==== Provided material

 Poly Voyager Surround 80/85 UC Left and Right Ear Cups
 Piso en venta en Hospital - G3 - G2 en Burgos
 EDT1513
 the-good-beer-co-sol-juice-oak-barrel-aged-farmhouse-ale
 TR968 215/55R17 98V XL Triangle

========
==== Provided material

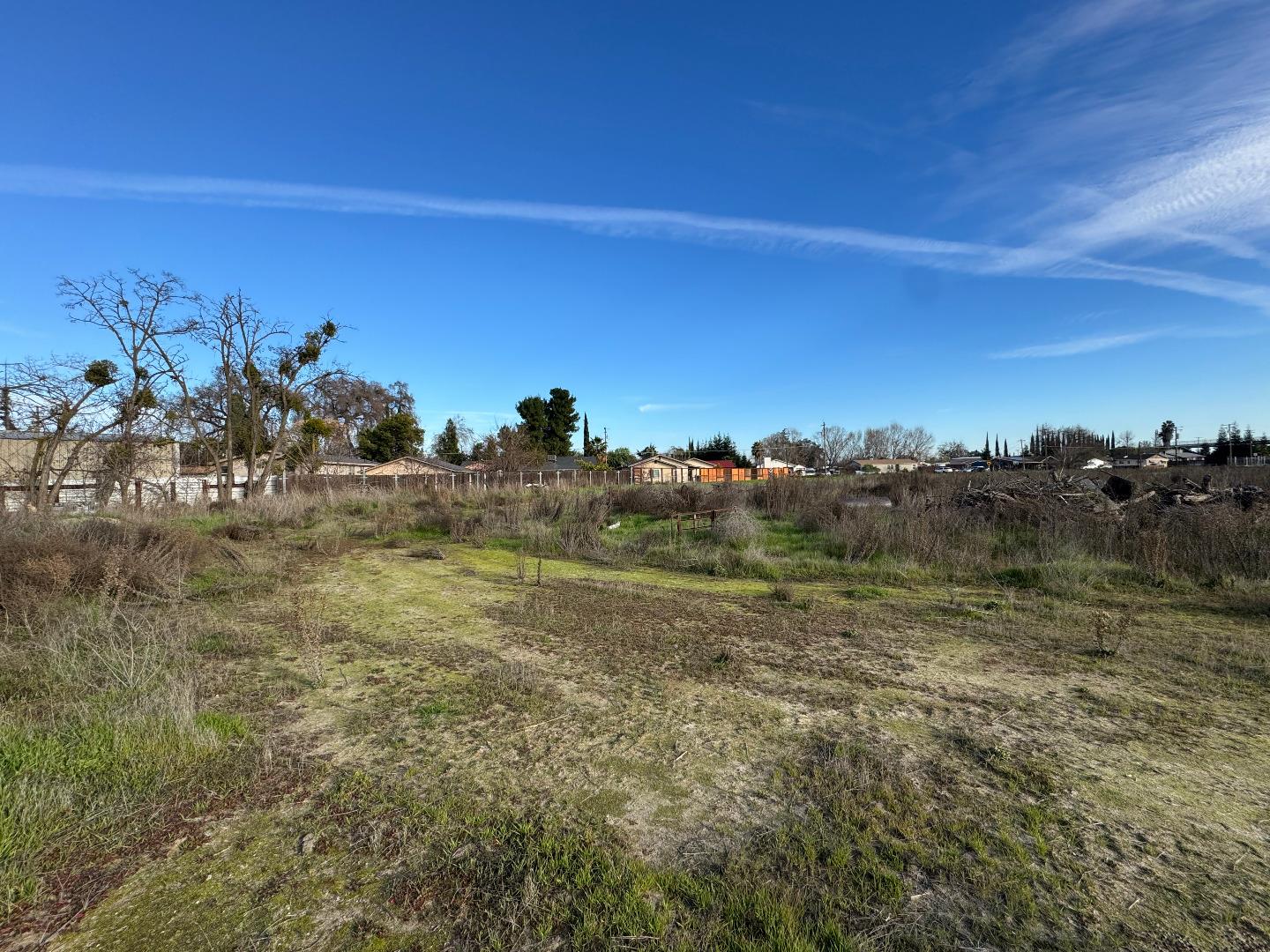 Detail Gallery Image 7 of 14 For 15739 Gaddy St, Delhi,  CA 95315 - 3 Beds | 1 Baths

========
==== Provided material

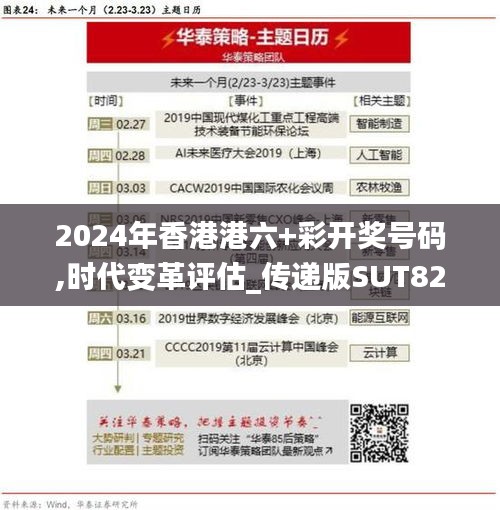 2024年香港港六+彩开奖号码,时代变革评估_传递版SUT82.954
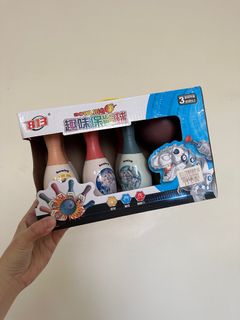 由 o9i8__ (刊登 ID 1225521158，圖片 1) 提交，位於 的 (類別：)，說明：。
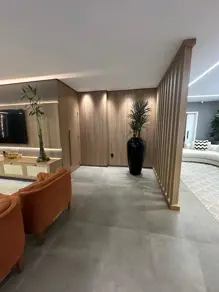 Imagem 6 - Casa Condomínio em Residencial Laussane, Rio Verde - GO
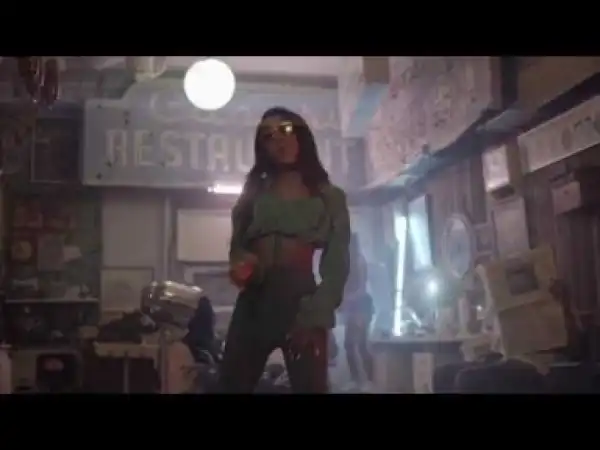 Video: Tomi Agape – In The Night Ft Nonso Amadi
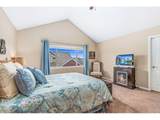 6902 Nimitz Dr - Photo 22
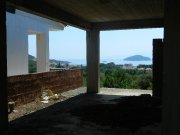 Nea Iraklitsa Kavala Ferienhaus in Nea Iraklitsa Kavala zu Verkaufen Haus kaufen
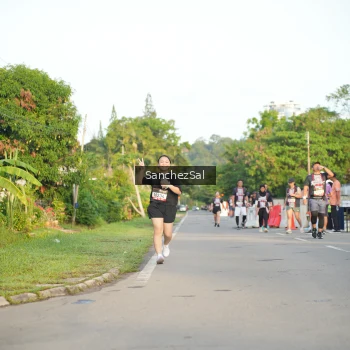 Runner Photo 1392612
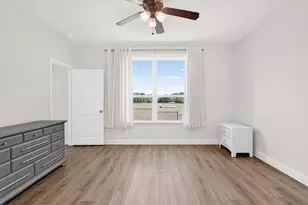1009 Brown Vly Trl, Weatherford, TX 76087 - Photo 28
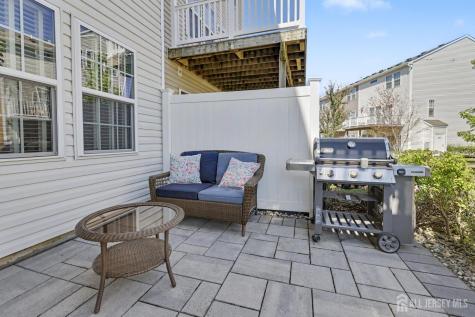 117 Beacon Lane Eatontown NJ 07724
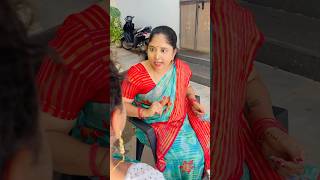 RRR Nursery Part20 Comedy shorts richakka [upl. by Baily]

========

Could you transcribe exactly the entries above, but only the lines from the one with "由 o9i8__ (刊登" through the one with "RRR Nursery Part20", and without pictures?

 由 o9i8__ (刊登 ID 1225521158，圖片 1) 提交，位於 的 (類別：)，說明：。
 Imagem 6 - Casa Condomínio em Residencial Laussane, Rio Verde - GO
 Video: Tomi Agape – In The Night Ft Nonso Amadi
 6902 Nimitz Dr - Photo 22
 Nea Iraklitsa Kavala Ferienhaus in Nea Iraklitsa Kavala zu Verkaufen Haus kaufen
 Runner Photo 1392612
1009 Brown Vly Trl, Weatherford, TX 76087 - Photo 28
 117 Beacon Lane Eatontown NJ 07724
 RRR Nursery Part20 Comedy shorts richakka [upl. by Baily]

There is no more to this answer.